Assigned task: The records below are to be set down word for word, with every picture left out.

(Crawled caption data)
'''
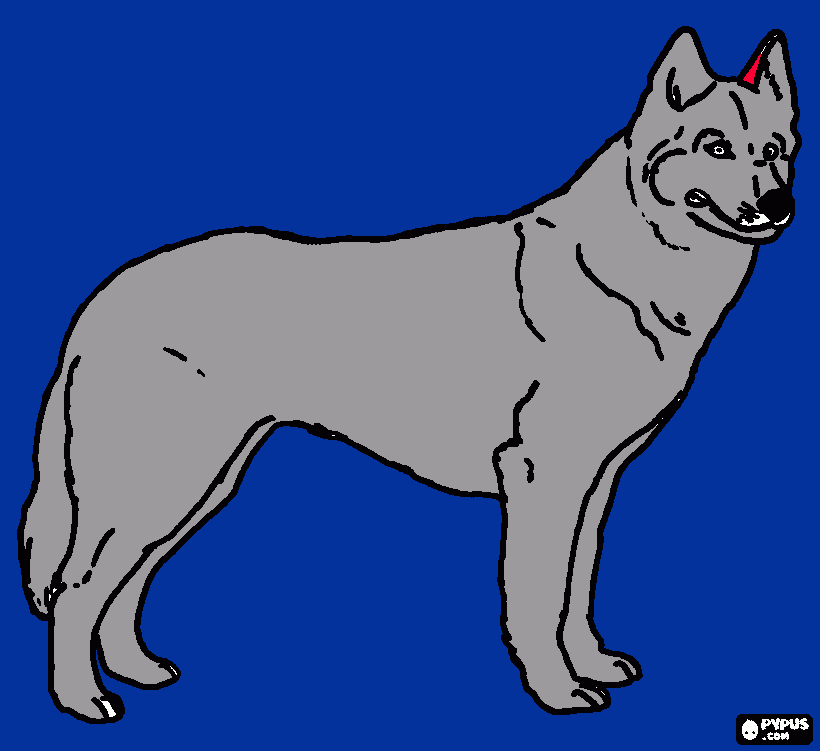 un perro lobo. para colorear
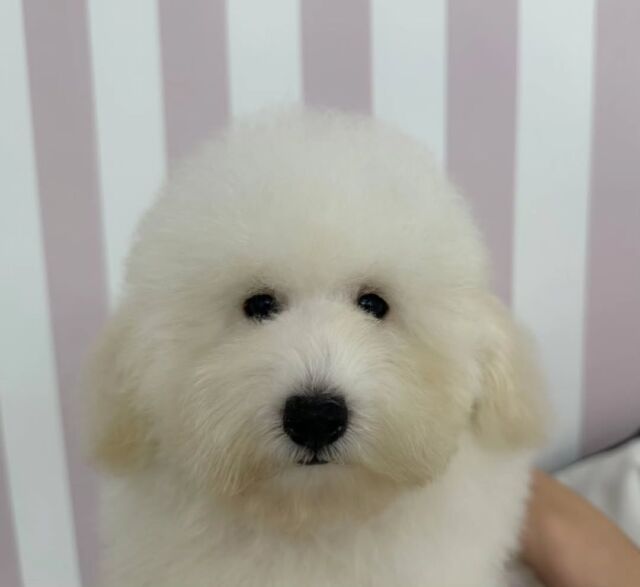 学生が育てている仔犬ちゃんたち🐶✨
⁡初めてのお顔カット✂️🎶
⁡⁡
⁡可愛いお顔がよく見えました💕🐕️
🐾
🐾
🐾⁡
#いばらきどうぶつ専門学校 #動物専門学校 #いばどう#トイプードル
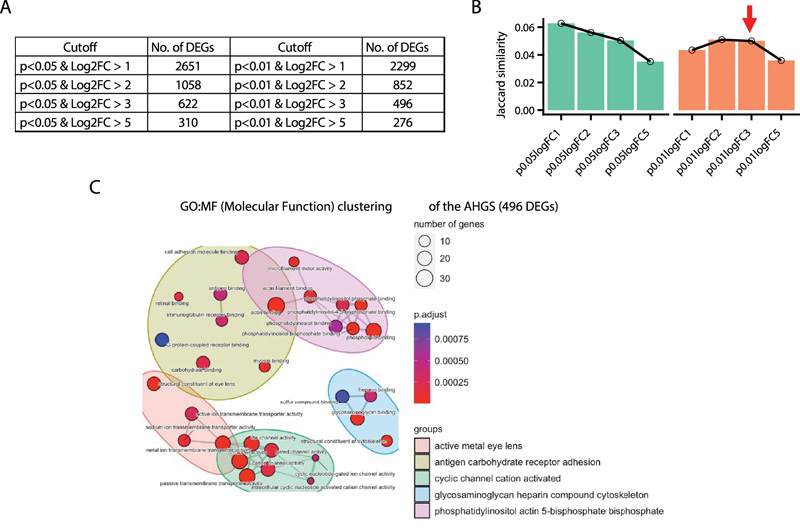 衰老肝細(xì)胞基因標(biāo)記（AHGS）的鑒定和表征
'''
Response to this exercise:
 un perro lobo. para colorear
 学生が育てている仔犬ちゃんたち🐶✨
⁡初めてのお顔カット✂️🎶
⁡⁡
⁡可愛いお顔がよく見えました💕🐕️
🐾
🐾
🐾⁡
#いばらきどうぶつ専門学校 #動物専門学校 #いばどう#トイプードル
 衰老肝細(xì)胞基因標(biāo)記（AHGS）的鑒定和表征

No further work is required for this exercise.